Recently Issued Accounting
Standards
In June 2016, the FASB
issued ASU 2016-13, "Measurement of Credit Losses on Financial Statements." This update provides financial statement
users with more decision-useful information about the expected credit losses on financial instruments and other commitments to
extend credit held by a reporting entity at each reporting date. The update replaces the incurred loss impairment methodology in
current GAAP with a methodology that reflects expected credit losses and requires consideration of a broader range of reasonable
and supportable information to inform credit loss estimates. ASU No. 2016-13 is effective for public entities for annual periods
beginning after December 15, 2019. The Company is evaluating the impact of adopting this guidance to its consolidated financial
statements and related disclosures.
In August 2018, the FASB
issued ASU 2018-13, "Fair Value Measurement," which changed the disclosure requirements for fair value measurements by
removing, adding and modifying certain disclosures. The standard is effective for all entities for fiscal years, and interim periods
within those fiscal years, beginning after December 15, 2019. Early adoption is permitted. The Company is evaluating the impact
of adopting this guidance to its consolidated financial statements and related disclosures.
In August 2018, the FASB
issued ASU 2018-15, "Cloud Computing Arrangements," which aligns the requirements for capitalizing implementation costs
in a Cloud Computing Arrangement service contract with the requirements for capitalizing implementation costs incurred for an internal-use
software license. The standard is effective for all entities for fiscal years, and interim periods within those fiscal years, beginning
after December 15, 2019. Early adoption is permitted. The Company is evaluating the impact of adopting this guidance to its consolidated
financial statements and related disclosures.
Other recent accounting
pronouncements issued by the FASB (including its Emerging Issues Task Force), the AICPA, and the SEC did not or are not believed
by management to have a material impact on our present or future consolidated financial statements.
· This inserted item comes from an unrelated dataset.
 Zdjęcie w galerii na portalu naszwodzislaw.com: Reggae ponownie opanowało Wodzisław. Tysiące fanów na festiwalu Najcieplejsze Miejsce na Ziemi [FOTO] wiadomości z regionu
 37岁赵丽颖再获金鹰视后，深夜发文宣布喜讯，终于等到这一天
NOTE 2 - CONCENTRATION OF CREDIT RISK
As of June 30, 2020 and
March 31, 2020, our deposits did not exceed amounts insured by the FDIC (up to $250,000, per financial institution as of June 30,
2020). We have not experienced any losses in such accounts, and we believe we are not exposed to any credit risk on cash.
Currently, we maintain
a bank account in China. This account is not insured, and we believe is exposed to credit risk on cash.
NOTE 3 – DUE TO RELATED PARTIES
As of June 30, 2020 and
March 31, 2020, $2,030,286 and $1,906,239, respectively, is owed to the officers and directors. Since December 2011, the officers
and directors of the Company agreed to accrue compensation for their services until such time the Company had sufficient funds
to pay this liability.
NOTE 4 – NOTE PAYABLE – RELATED
PARTY
On April 26, 2016, we entered
into a note payable with Philip Liu, our CEO, whereby he converted amounts owed of $1,565,169. On February 15, 2018, Mr. Liu converted
$303,266 of the note into 4,332,374 shares of common stock which was considered the fair market value. $1,808,414 is owed under
the note as of June 30, 2020. The note has an interest rate of 10% which is compounded quarterly is in default.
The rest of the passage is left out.